The price of oil continues to plunge as April contracts end and May contracts kick into gear.
According to MarketWatch, as of 12:55 today, May crude dropped 1.85 percent, or 90 cents, on NYMEX to $47.83 a barrel. Brent for delivery in May slid down 94 cents to $56.34.
Though a global glut still holds sway in the market's ongoing fall, conflict in the Middle East has been making its mark.
"A resolution could have a $5 effect on oil prices per barrel."
U.S. nuclear deal with Iran
Oil's tumbling price tag might fall further if negotiations between the U.S. and Iran in Switzerland go well for both parties. As a component to an agreement between the two nations, the United States wants to arrive at a mutual understanding over how Iran's nuclear program should be limited.

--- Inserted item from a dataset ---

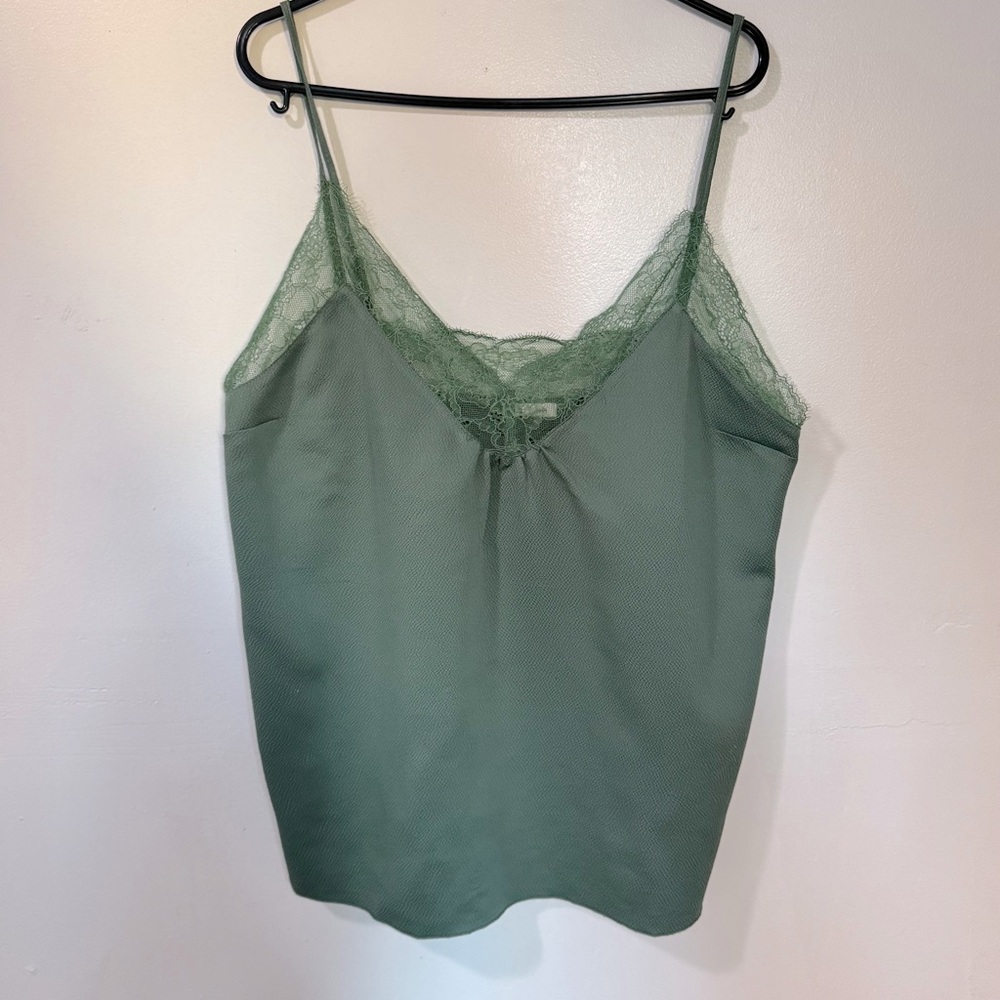 Green Lace-Trim Camisole Top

However, a struggle to reach an agreement puts the future of oil prices in uncertain terms. As CNBC reported, in exchange for disposing their nuclear stockpile, Iran wants certain United Nations sanctions lifted on their oil production, which could lead to an additional 1.2 million barrels daily in the next three to six months. This inundation would further saturate a bearish market that already has problems with overproduction and limited storage space. Certain estimates figure this consequences of a resolution could have as much as a $5 effect on oil price per barrel.
However, if no agreement is made, a temporary spike may be in the cards. This is a distinct possibility according to The New York Times, as Iran's Deputy Foreign Minister Abbas Araqchi announced his country had no plans to relinquish its stockpiles. The deadline for the negotiations between the U.S. and Iran officially end today.

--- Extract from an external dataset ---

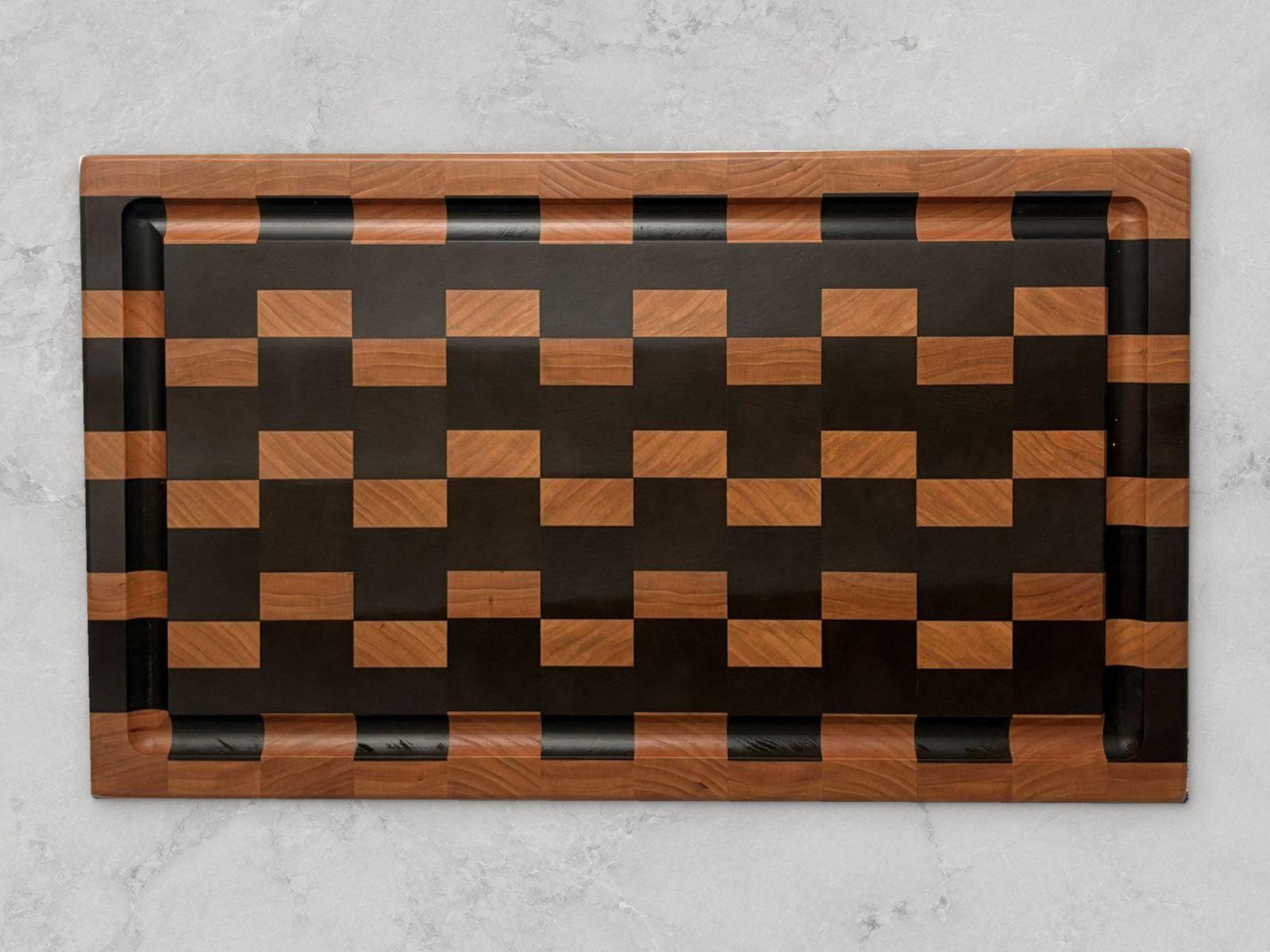 Cherry and roasted maple offset checkered end-grain board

Combat-related spike in Yemen
Last week, oil prices made a surprise upward turn which may have been caused when Saudi Arabian forces took action against Yemeni rebels according to the Longview News-Journal. While Yemen plays a small role in oil production, its geographical placement alongside the Red Sea, makes its a a major player in the resource's transportation.
After Saudi Arabia's airstrikes limited the movement of oil in the region – namely in the Bab el-Mandab Strait that sees around 3.8 million barrels daily – the price of oil shot up $5. But once the battle has moved away from this region, as experts say it will, the price of oil should return to typical downward trend. Further escalation down the road, however, could telegraph another quick rise out of the blue.